**Material provided:**
■ ■ ■ ■ ■ ■ ■

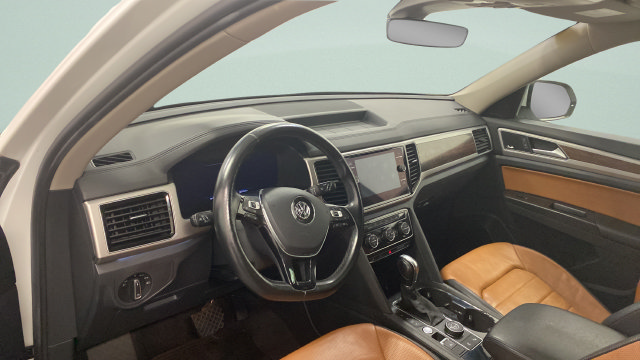Used 2018 Volkswagen Atlas SEL Premium AWD/4WD image 15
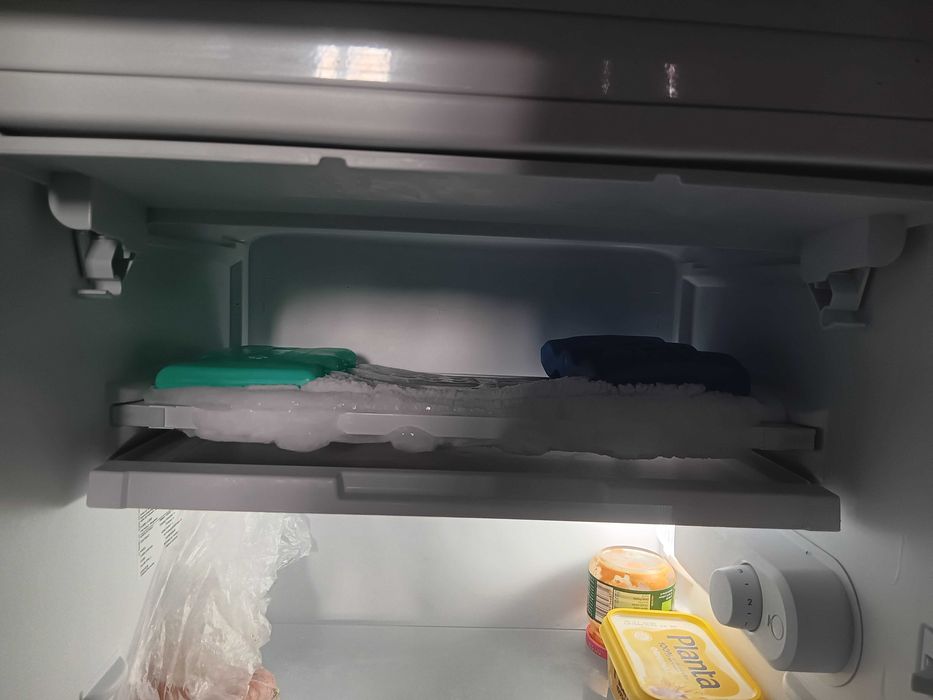 Frigorífico Beko TS190330N - sem danos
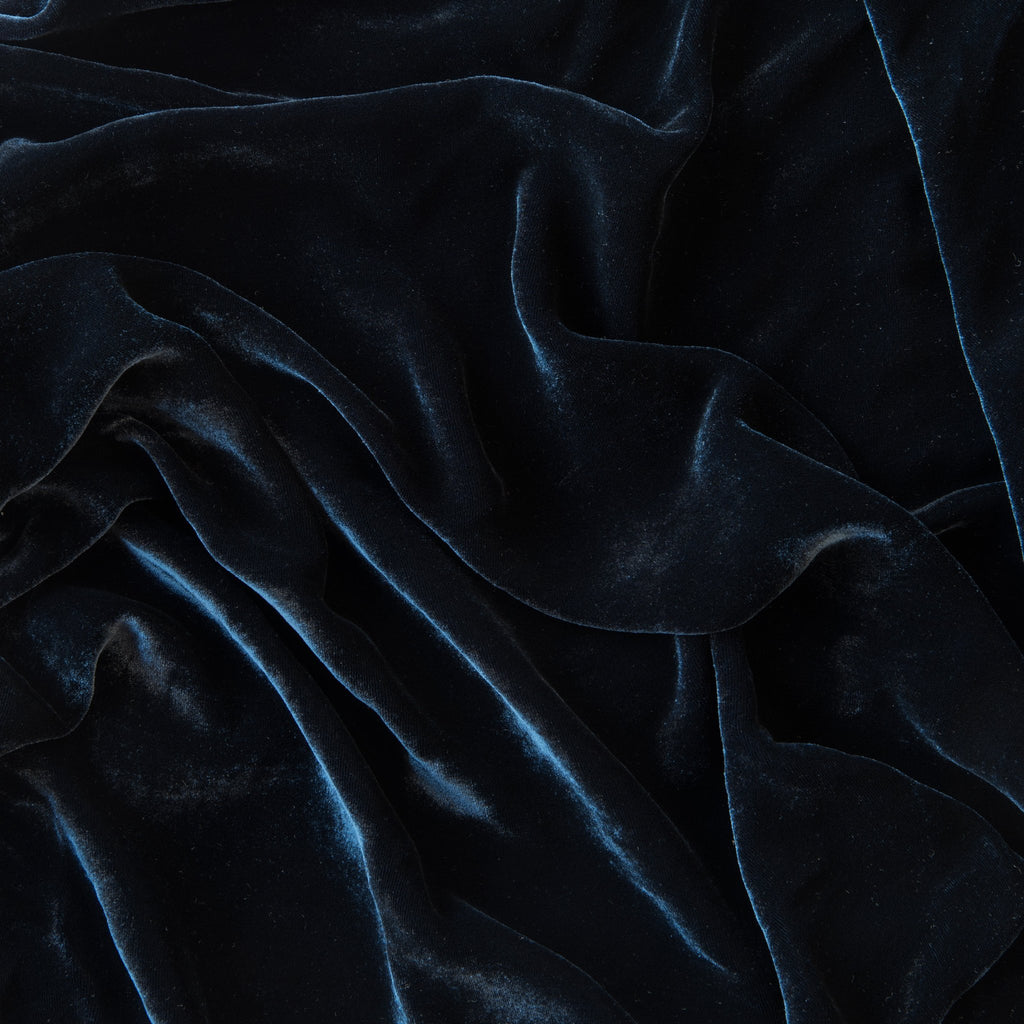Loulah Fabric in Midnight from Bella Notte Linens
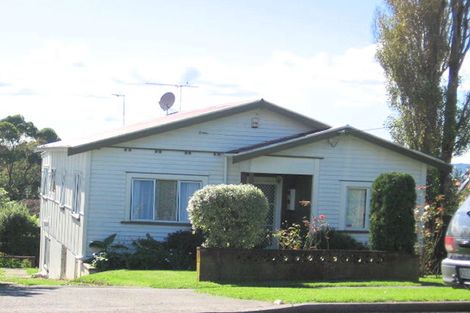 Photo of property in 16 Clayburn Road, Glen Eden, Auckland, 0602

■ ■ ■ ■ ■ ■ ■

**What is expected:** Beginning at the line that contains "Frigorífico Beko TS190330N - sem danos", transcribe it and every later line through the last line of the data above, exactly, and drop the pictures.

**Your response:**
 Frigorífico Beko TS190330N - sem danos
Loulah Fabric in Midnight from Bella Notte Linens
 Photo of property in 16 Clayburn Road, Glen Eden, Auckland, 0602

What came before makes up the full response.